Крестьяне, не ограничиваясь вооруженным сопротивлением и уклонением от продразверстки, пускали в ход и традиционные способы протеста: направляли правительству прошения и жалобы. В период с ноября 1920 года по март 1921 года московские власти были буквально засыпаны обращениями с требованием положить конец принудительной политике военного коммунизма. Теперь, когда одержана победа над белыми, объясняли просители, нет оправдания насильственной реквизиции зерна. Крестьяне требовали установить фиксированный налог на их продукцию и право распоряжаться излишками по собственному усмотрению и в качестве дополнительного стимула для производства сельскохозяйственной продукции – увеличения поставок потребительских товаров в сельскую местность.

Однако эти обращения не находили ни сочувствия, ни отклика у властей, которые считали крестьян не иначе как мелкими собственниками, которые, получив во владение землю, перестанут поддерживать революцию. Больше всего большевики боялись укрепления капитализма в русской деревне. Проводя исторические параллели и вспоминая крестьян 1848 года, бывших оплотом реакции в Западной Европе, большевики не шли ни на какие уступки, которые могли бы сделать крестьянского землевладельца независимым в их стране. Кроме того, для большей части большевиков военный коммунизм с его централизованным руководством экономикой был обществом истинного социализма, о котором они мечтали и не желали отступаться от своих идеалов ради восстановления свободного рынка и сплоченного, крепкого, а следовательно, независимого крестьянства.

Ярким представителем этой точки зрения был Н. Осинский[10] – лидер группы демократического централизма.

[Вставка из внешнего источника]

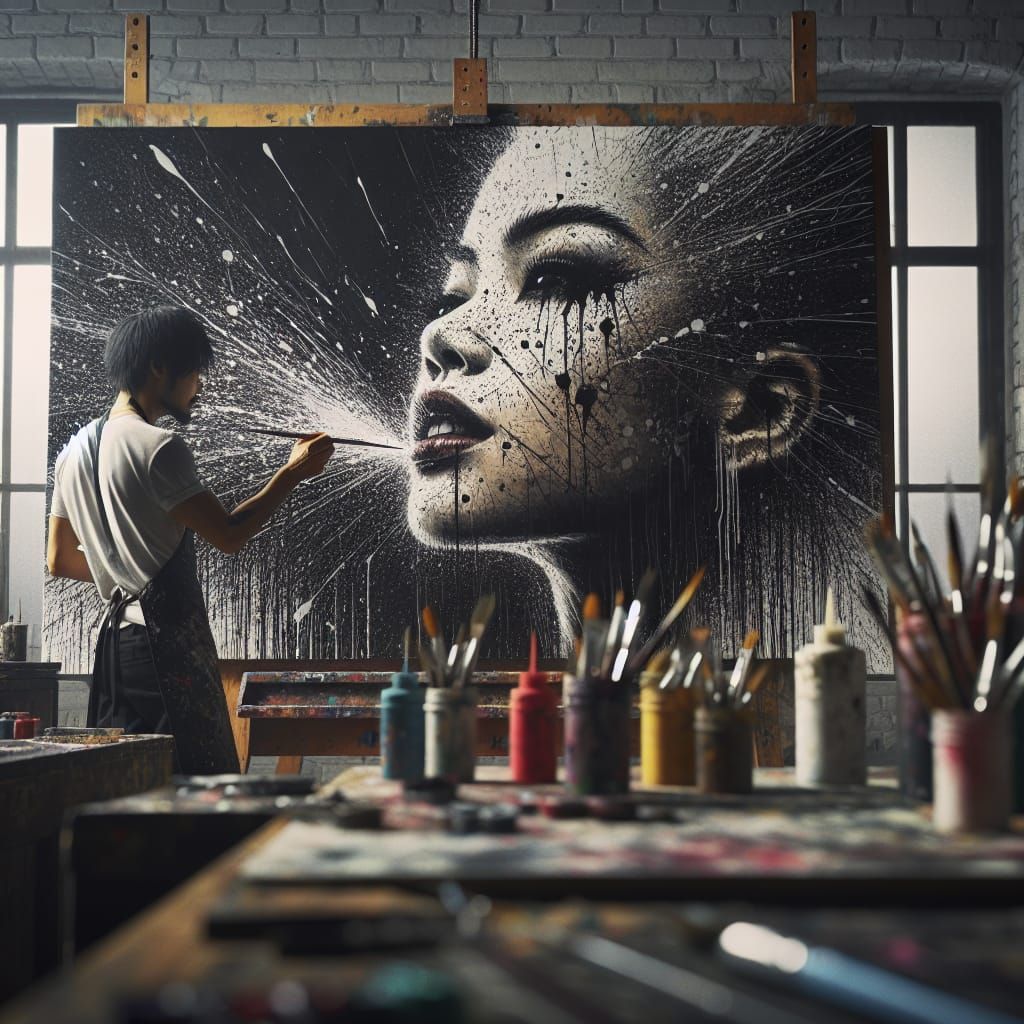 Splatter Art Masterpiece in Artist's Studio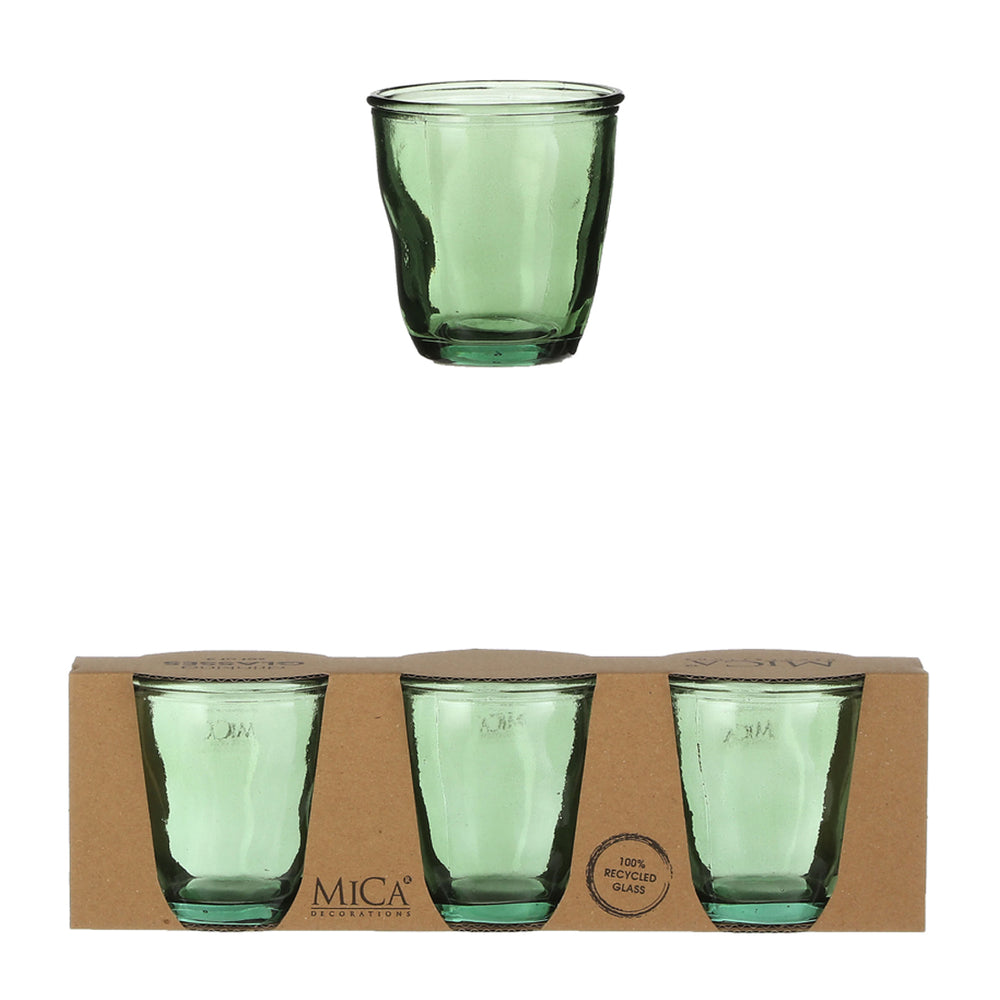 Green Juan Glass 3 Pcs (9 cm)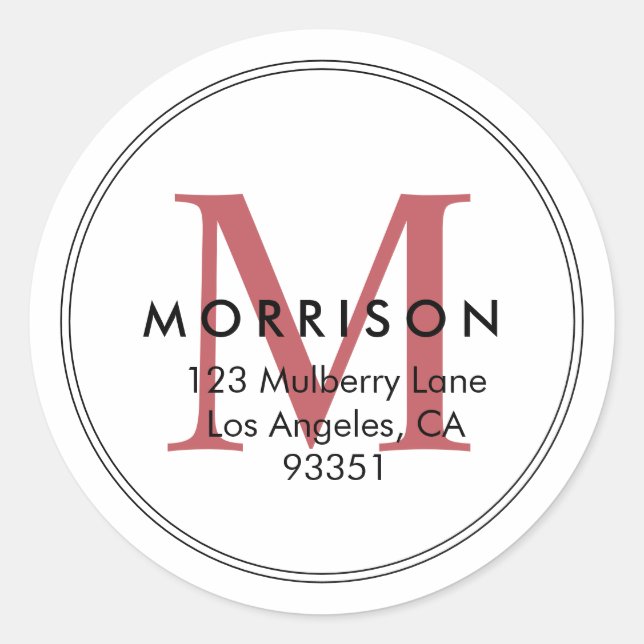 Elegante Red Monogram Rücksendeadresse Runder Aufkleber (Vorderseite)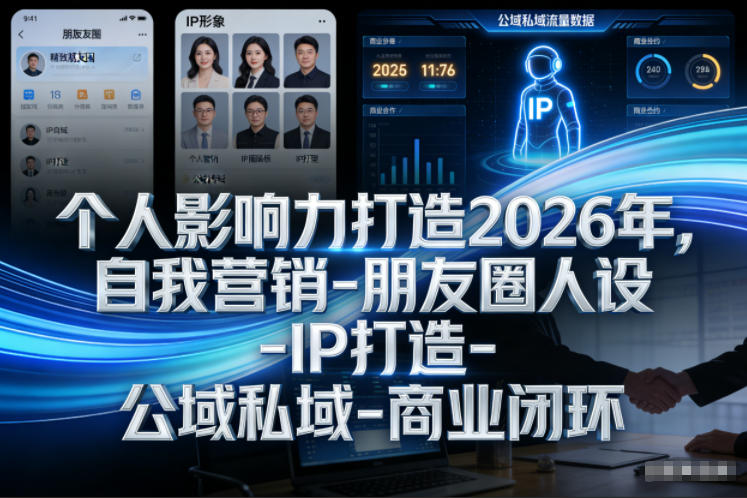 个人影响力打造2026年，自我营销-朋友圈人设-IP打造-公域私域-商业闭环-小牛学府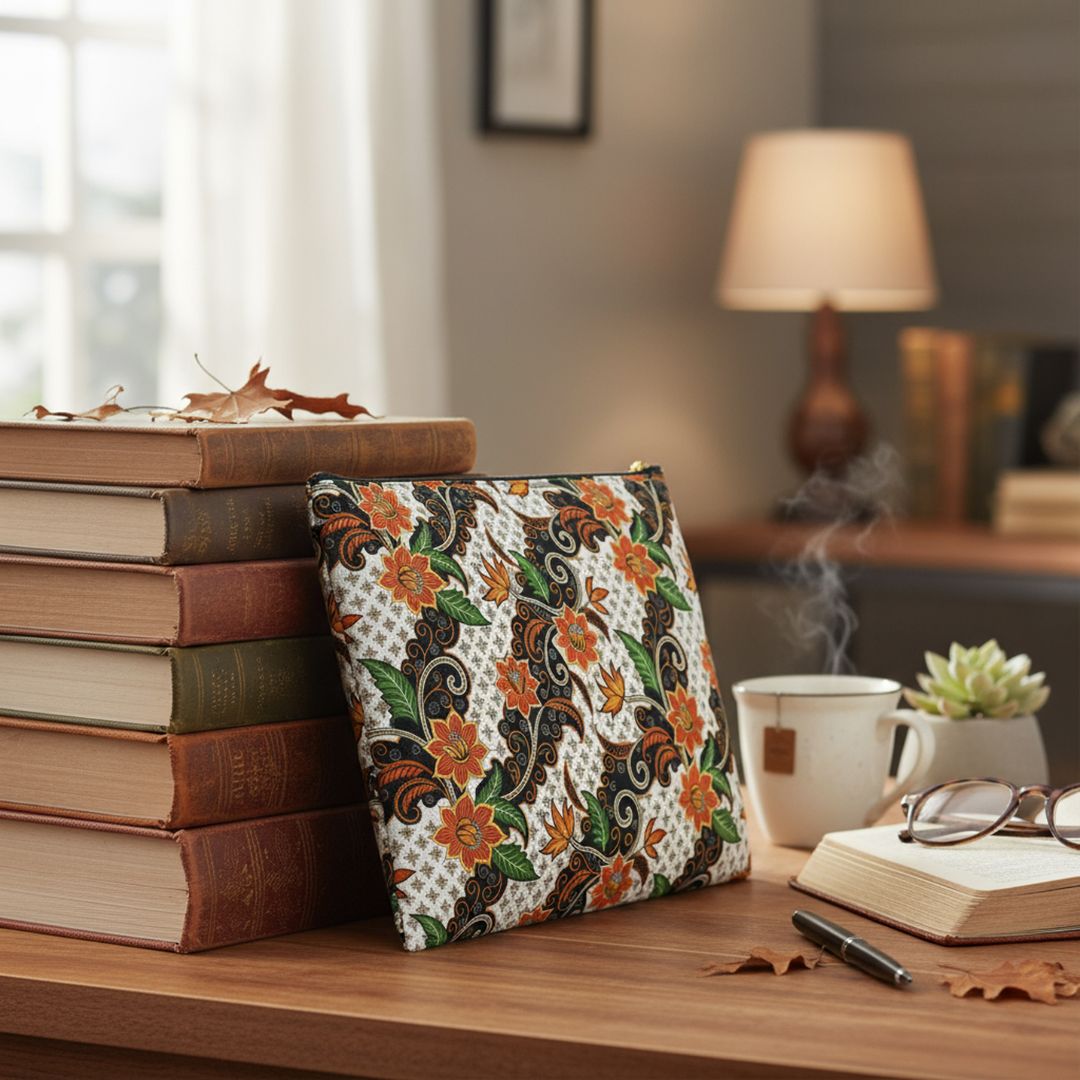 Batik Print Makeup And Accessory Pouch - Batik Flower 2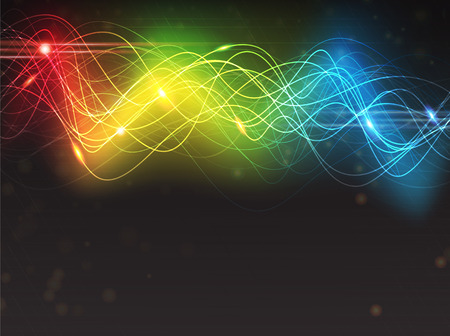 Abstract glowing digital background with sparkling spectral wavesのイラスト素材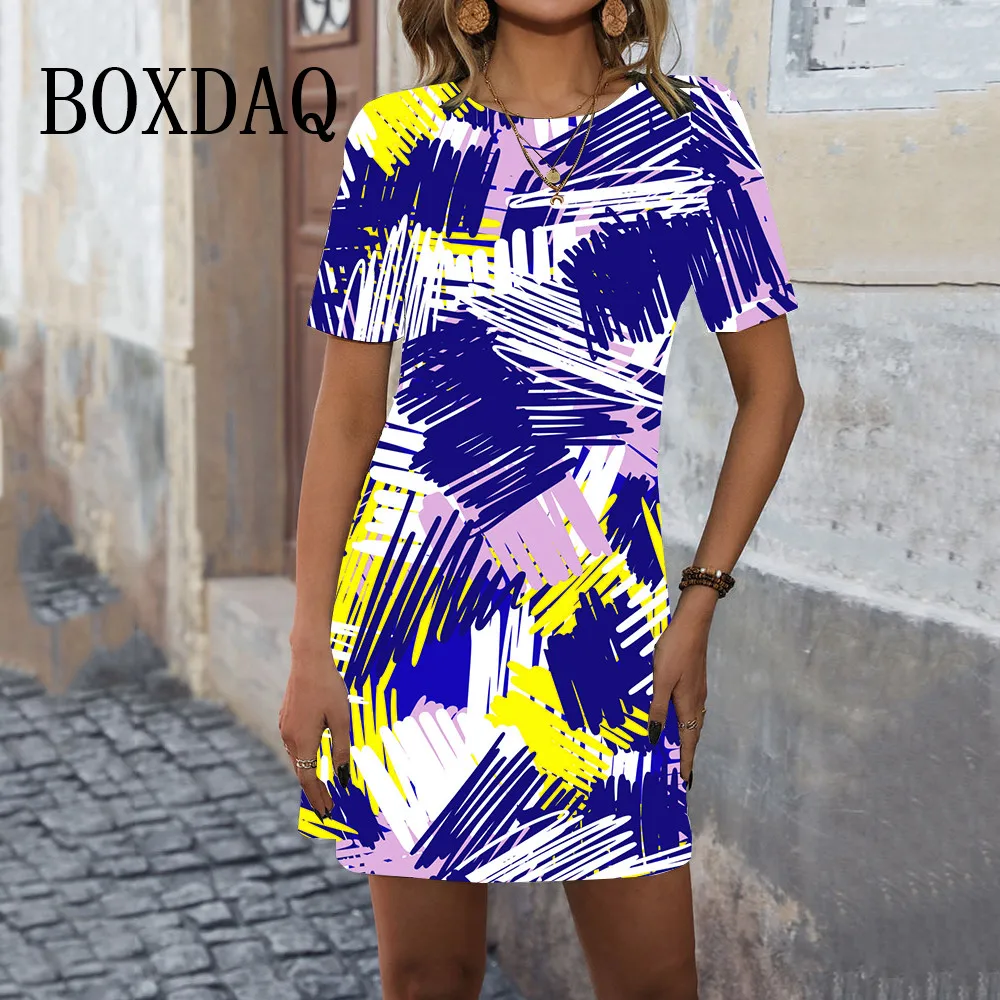 Милое модное женское платье с граффити летний пуловер свободное платье-трапеция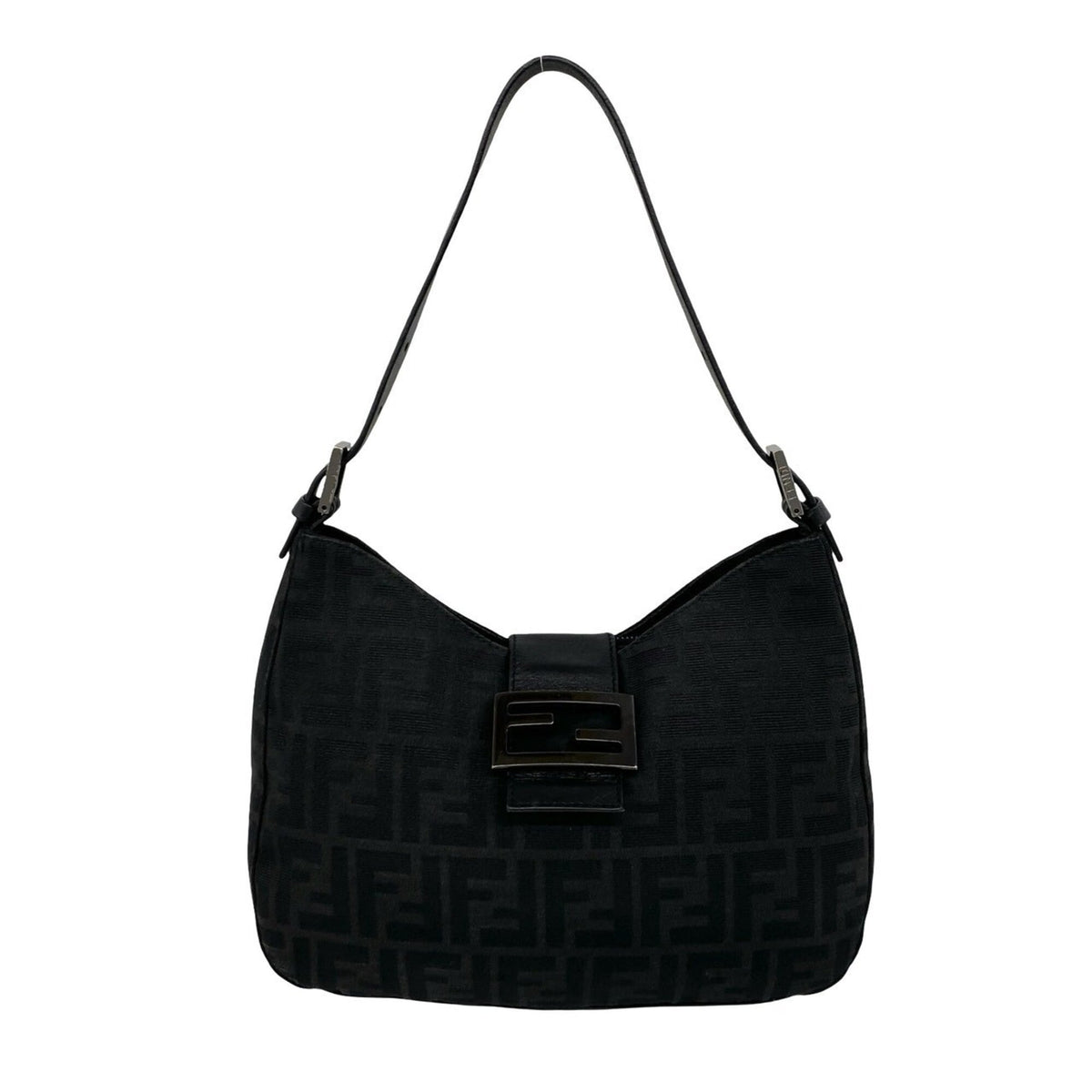 Fendi Black Canvas Leather Handbag Shoulder Bag (Pre-Owned)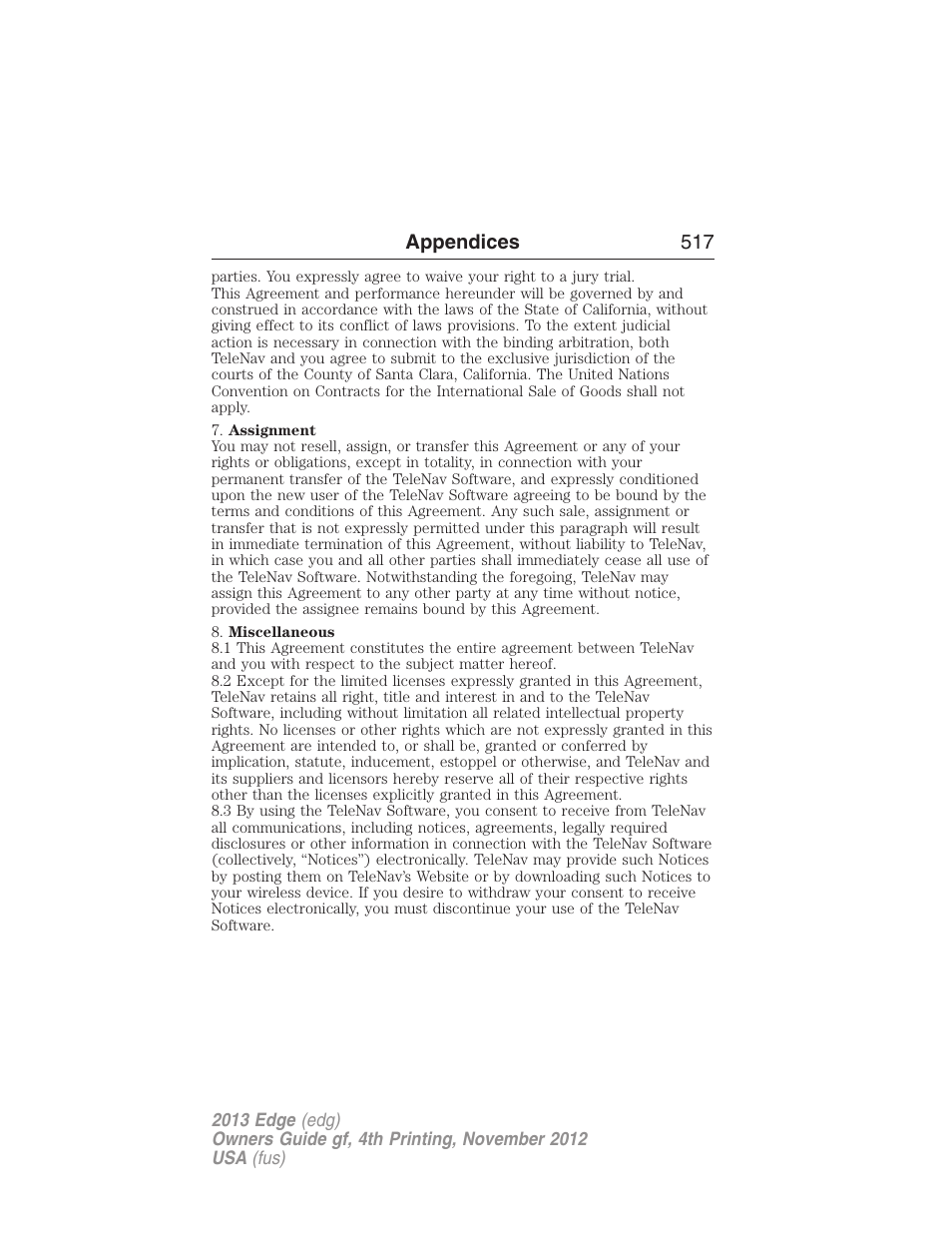 FORD 2013 Edge v.4 User Manual | Page 518 / 533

В ряде статей, появившихся в конце 1920 года, Осинский подробно излагает свою точку зрения. Отклоняя любое отступление: фиксированный налог, возобновление свободной торговли, Осинский призывал усилить государственное вмешательство в сельское хозяйство. Единственный выход из аграрного кризиса, писал он, в «обязательной массовой организации производства» под руководством государственных служащих[11].

Для этого он предлагал сформировать в каждой деревне «посевные комитеты» с первостепенной задачей увеличения продукции путем расширения пахотных земель. Кроме того, эти комитеты должны были решать все вопросы, влияющие на эффективность сельскохозяйственного производства, такие как рациональное использование сельскохозяйственного оборудования, уход за домашним скотом и т. п. Далее Осинский предлагал потребовать от крестьян хранения своего зерна в общих хранилищах, и чтобы вопрос его распределения находился в ведении правительства. В окончательном варианте Осинский видел систему государственного сельского хозяйства, при которой все небольшие земельные наделы станут общими.